In some ways, the Stockton area’s mortgage crisis has played out much like that of the Inland Empire. In both places, commuters from big metropolitan areas were finding homes they could afford -- if barely -- in vast, recently built tracts that could be more than a two-hour drive from their jobs. And in both, speculators -- an estimated 40% of the home buyers in Stockton -- were buying houses in order to flip them quickly at a nice profit.

Little wonder: Although San Joaquin County home prices in recent years soared from the 2000 median of $133,000, they still drew thousands of people squeezed out of the Bay Area, where a median-priced home now goes for more than $810,000, according to the California Assn. of Realtors.

And Stockton, the county hub, was improving. Home to a busy inland port that once was a jumping-off point for gold miners, the city started to revitalize its tired downtown with a new ballpark, the $65-million arena, spruced-up hotels and other amenities.

So people came.

“There were so many relatively affordable houses in the region that there were many more opportunities for bad loans to be made,” said Bob Bressani, deputy director of Stockton’s housing department.

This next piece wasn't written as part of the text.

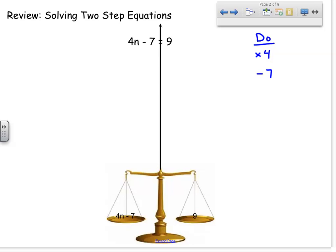In order to solve this equation, I need to do the opposite of that in the opposite order. So I create an undo column. If I read from the bottom up and change the operations, I know I have to add 7 and then divide by 4. If I follow that undo column and do both of those things to both sides, I will solve the equation successfully.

Monaliza Botello, a 25-year-old nurse, said she was surprised when her father, who brings in $4,500 a month, last year secured a loan requiring a $4,000 monthly payment.

Advertisement

The idea was that Monaliza’s father would own the new $495,000 four-bedroom for a year or two, at which point she and her husband, Isaac, could afford to buy it from him with a refinanced loan. But the three of them, who were all living there, fell behind in their payments, and Monaliza lost her dream home.

“It still hurts,” she said. “We were getting phone calls and notices from the lender: ‘If you give us the balance in full, you can keep the house.’ It was nothing like ‘Call us and we’ll see what we can work out.’ ”

As home prices plunged, Botello’s cousin around the corner also went into foreclosure, as did her godmother -- a real estate agent nearby. “Everyone was going, ‘We can’t refi? How can we afford this?’ ” she said. “Everyone was just shocked.”

Occupied by Monaliza’s family for just seven months, the Botello home in Lathrop, just south of Stockton, is on the market for $300,000. After the foreclosure, the Botellos lived in a rental home for a few months -- until it too was repossessed by a lender.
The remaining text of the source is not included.